College borrowers get a ‘fresh start’

Federal student loan repayments were first suspended in March 2020 during the Trump administration, when the pandemic was shutting down the country and people were losing their jobs.

The loan repayment moratorium continued under the Biden administration, and the policy is now in its sixth extension, set to end on August 31, 2022. With the midterm elections coming up in November, however , I wouldn’t be surprised if it was extended again.

The pause was a boon for many borrowers who not only skipped payments but also saw their balances stay the same. During this period, the interest rate was fixed at 0%.

The pause also benefited borrowers who defaulted on student loans, as collection activity was suspended.

But another major development, which has received little publicity, will significantly help borrowers who previously defaulted or were in arrears.

“New start”, a new federal initiative

When the payment moratorium ends, troubled borrowers who had fallen behind on their payments before the pandemic hit will get what the federal government calls a “fresh start.”

According to the US Department of Education, any borrower who was in default or delinquent before the loan repayment moratorium will come out with a clean slate. Arrears and defaults will be removed from borrowers’ credit history, and individuals will once again be able to make their payments in good standing.

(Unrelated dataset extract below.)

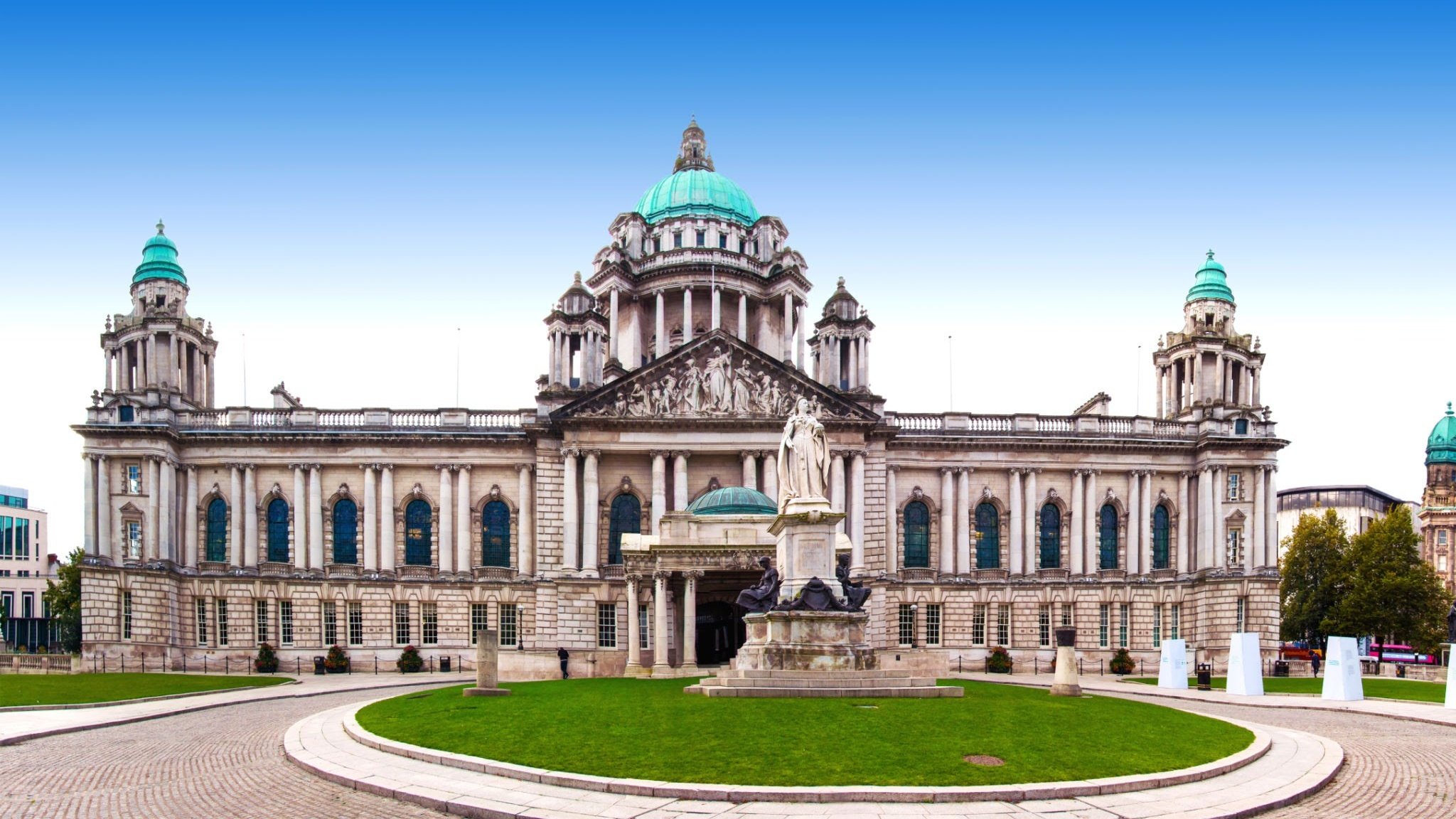 Belfast City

The DOE has released little information on how the Fresh Start program will be implemented. One question that is unclear is whether these rehabilitated borrowers will now have access to programs that had been closed to them, such as federal income-tested repayment plans and civil service loan forgiveness. Will they also be eligible to start borrowing again through the federal financial aid system?

It is estimated that around 10 million borrowers will be able to take advantage of the Fresh Start initiative. Within this group, about 3 million borrowers were in arrears and 7 million were in default. Borrowers are considered in default if they fail to make their scheduled loan payments for at least 270 days. Borrowers are considered delinquent if they are one day past due on their loan payment, but default is not reported to the three major credit bureaus unless the loan is 90 days past due. days.

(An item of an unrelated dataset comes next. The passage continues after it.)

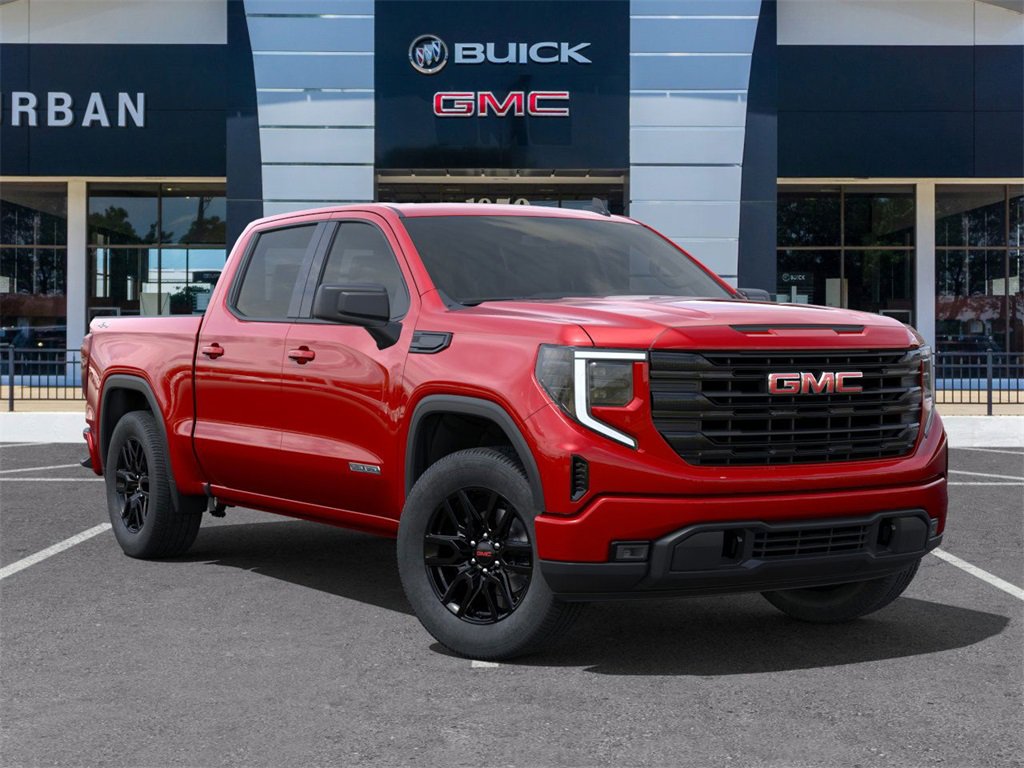 2024 GMC Sierra 1500 Elevation 7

About one in six borrowers whose student debt is managed by the federal government is in default. The year before the pandemic, over 1 million Direct loan borrowers defaulted.

The Fresh Start initiative has not received much publicity as it was briefly mentioned in April when the administration announced it was extending the loan suspension for the sixth time.

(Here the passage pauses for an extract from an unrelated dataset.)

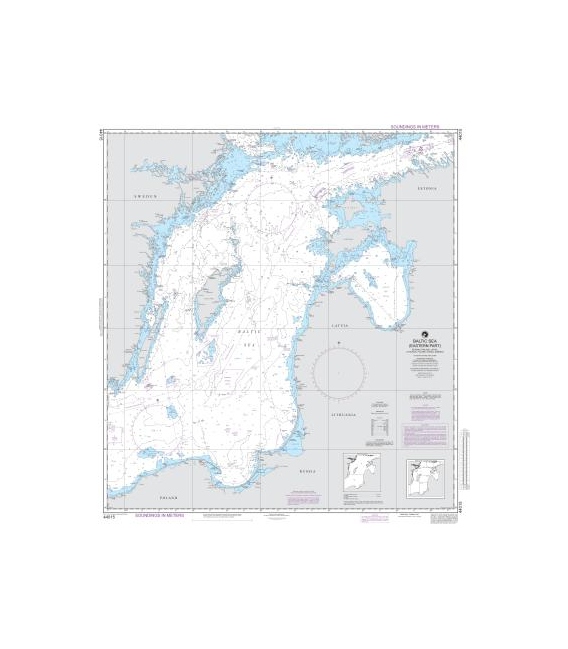 DM 44015 Baltic Sea (Eastern Part)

One question I have about erasing delinquency or default from borrowers’ records is whether it will have a deleterious impact on future borrower behavior. It will be interesting to watch.

Borrowing parents and repayments

Federal Direct Parent PLUS Loans have been eligible for the federal repayment moratorium, but Federal Parent Loans have never benefited from all of the safeguards that federal student loan borrowers enjoy. And, of course, the interest rate on the federal parent loan is always higher than the direct student loan.

After leaving school, students who have borrowed through Federal Direct Loans can select one of four income-based repayment programs that are helpful if a borrower’s debt exceeds their capacity. pay according to household income and size. Essentially, borrowers in these programs can repay their loans based on their income, not what they owe.

Parents who rely on PLUS loans have not benefited from federal income-based repayment options, although students who use the PLUS loan for graduate and vocational degrees may take advantage of these repayment programs.

Many parents could benefit from an income-driven plan because the nature of the PLUS loan makes it incredibly easy to outgrow financially. After a student’s grants and scholarships are subtracted from the cost of attending a school, a parent can borrow the rest. In some cases, this can amount to tens of thousands of dollars per year.

Fortunately, however, there is a little-known loophole that will allow parents to take advantage of one of the federal income-tested reimbursement programs. PLUS loans taken out on or after July 1, 2006 will qualify if they transfer their PLUS loans to the Federal Direct Consolidation Loan. Parents who jump through this hoop will be eligible for the income-contingent reimbursement plan. This ICR plan is the oldest and has the least desirable conditions, but it could benefit many parents.

Under ICR, payments are set at 20% of discretionary income for 25 years or 12 years of fixed payments, whichever is lower.